Swimming motility was tested on soft-agar plates (3 g l−1 agar) with 10% MB medium at 28 °C, based on the method of Miller and Belas32. Chemicals were dissolved in sterile-filtered natural seawater, sampled in the southern North Sea, Germany (taken at position 54°0′0,0″N 8°9′21,6″E, 4.5 m depth, on 30th September 2011). Motility measurements were done on agar plates, inoculated with cells of the outer ring of previous soft-agar plates with the same medium and culture conditions. Swimming was measured for six days.

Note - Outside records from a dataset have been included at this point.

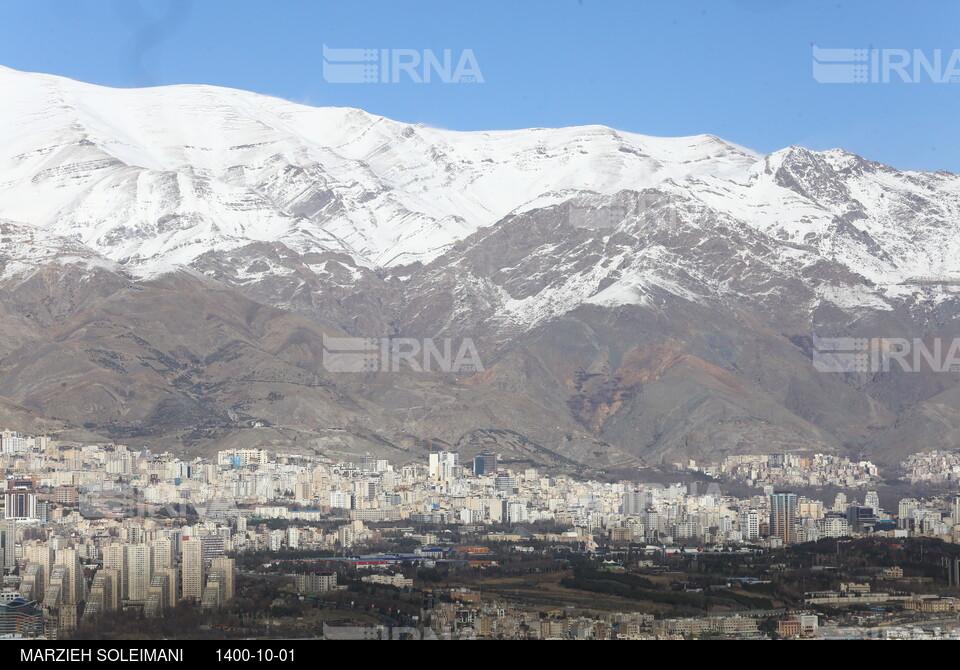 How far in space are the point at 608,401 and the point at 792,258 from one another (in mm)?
40937

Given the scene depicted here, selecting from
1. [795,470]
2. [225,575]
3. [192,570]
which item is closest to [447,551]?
[192,570]

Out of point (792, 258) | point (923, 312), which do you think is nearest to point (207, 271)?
point (792, 258)

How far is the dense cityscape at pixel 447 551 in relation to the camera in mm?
35094

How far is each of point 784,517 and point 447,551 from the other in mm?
17602

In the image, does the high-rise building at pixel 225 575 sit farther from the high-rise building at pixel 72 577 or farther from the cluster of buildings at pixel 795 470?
the cluster of buildings at pixel 795 470

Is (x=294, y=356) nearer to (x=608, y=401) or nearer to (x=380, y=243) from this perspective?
(x=608, y=401)

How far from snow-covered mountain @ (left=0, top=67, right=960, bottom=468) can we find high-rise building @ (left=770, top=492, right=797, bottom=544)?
1302 inches

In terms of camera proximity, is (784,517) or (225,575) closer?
(225,575)

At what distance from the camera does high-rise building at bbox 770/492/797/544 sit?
2505 inches

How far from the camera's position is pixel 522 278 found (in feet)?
533

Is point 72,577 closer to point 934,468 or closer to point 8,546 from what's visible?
point 8,546

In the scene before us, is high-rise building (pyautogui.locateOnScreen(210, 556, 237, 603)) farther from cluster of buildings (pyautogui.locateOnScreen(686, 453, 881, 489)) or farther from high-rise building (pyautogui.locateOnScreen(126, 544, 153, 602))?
cluster of buildings (pyautogui.locateOnScreen(686, 453, 881, 489))

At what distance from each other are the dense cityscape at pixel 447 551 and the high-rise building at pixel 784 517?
0.23m

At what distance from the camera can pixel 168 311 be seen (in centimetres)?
12619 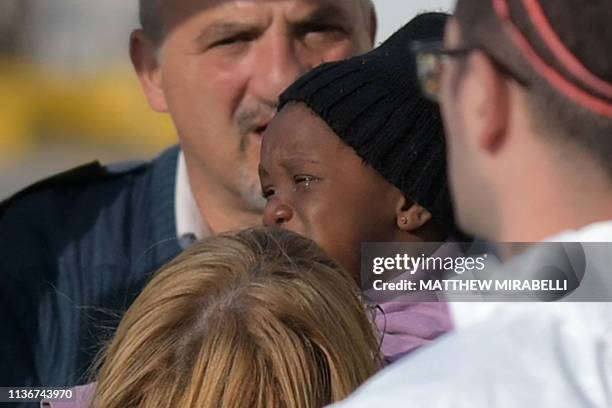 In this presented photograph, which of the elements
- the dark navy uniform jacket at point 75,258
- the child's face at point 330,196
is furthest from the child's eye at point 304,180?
the dark navy uniform jacket at point 75,258

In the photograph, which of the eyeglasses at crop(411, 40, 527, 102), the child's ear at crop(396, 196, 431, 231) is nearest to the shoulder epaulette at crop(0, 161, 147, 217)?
the child's ear at crop(396, 196, 431, 231)

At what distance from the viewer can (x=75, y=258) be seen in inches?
85.1

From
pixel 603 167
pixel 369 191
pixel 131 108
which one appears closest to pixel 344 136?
pixel 369 191

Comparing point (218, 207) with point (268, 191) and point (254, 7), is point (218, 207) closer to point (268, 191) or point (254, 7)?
point (254, 7)

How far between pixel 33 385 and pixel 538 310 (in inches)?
49.9

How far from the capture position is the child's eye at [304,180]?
5.64 ft

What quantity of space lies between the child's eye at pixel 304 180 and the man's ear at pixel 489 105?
0.77 m

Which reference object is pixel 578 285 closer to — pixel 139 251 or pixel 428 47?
pixel 428 47

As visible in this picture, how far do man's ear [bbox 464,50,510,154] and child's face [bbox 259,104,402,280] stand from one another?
0.74m

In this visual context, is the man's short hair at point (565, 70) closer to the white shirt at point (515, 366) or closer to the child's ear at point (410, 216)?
the white shirt at point (515, 366)

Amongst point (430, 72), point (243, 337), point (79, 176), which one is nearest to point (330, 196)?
point (243, 337)

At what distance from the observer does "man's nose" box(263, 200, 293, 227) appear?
1.72m

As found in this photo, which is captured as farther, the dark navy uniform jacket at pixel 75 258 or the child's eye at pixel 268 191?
the dark navy uniform jacket at pixel 75 258

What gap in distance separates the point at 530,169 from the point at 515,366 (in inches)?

Swimming speed was also measured in microfluidic channels using phase-contrast microscopy (Nikon Ti-E microscope; 20×, 0.45 NA objective)48. For microfluidic experiments, strains were grown in 15 ml tubes at 30 °C with 3 ml MB medium. Strains were collected at late exponential phase and diluted 5~10 fold in fresh MB media (or fresh MB media with TDA) before single-cell level bacterial tracking. Bacteria were imaged at mid depth in a 120 µm deep polydimethylsiloxane (PDMS) chamber at 17~30 frames/s using Cooke PCO 1600 CCD camera (7.4 µm/pixel). All image analyses and cell trackings were performed in Matlab (The Mathworks) using in-house, automated software to reconstruct cell trajectories and calculate mean speeds48.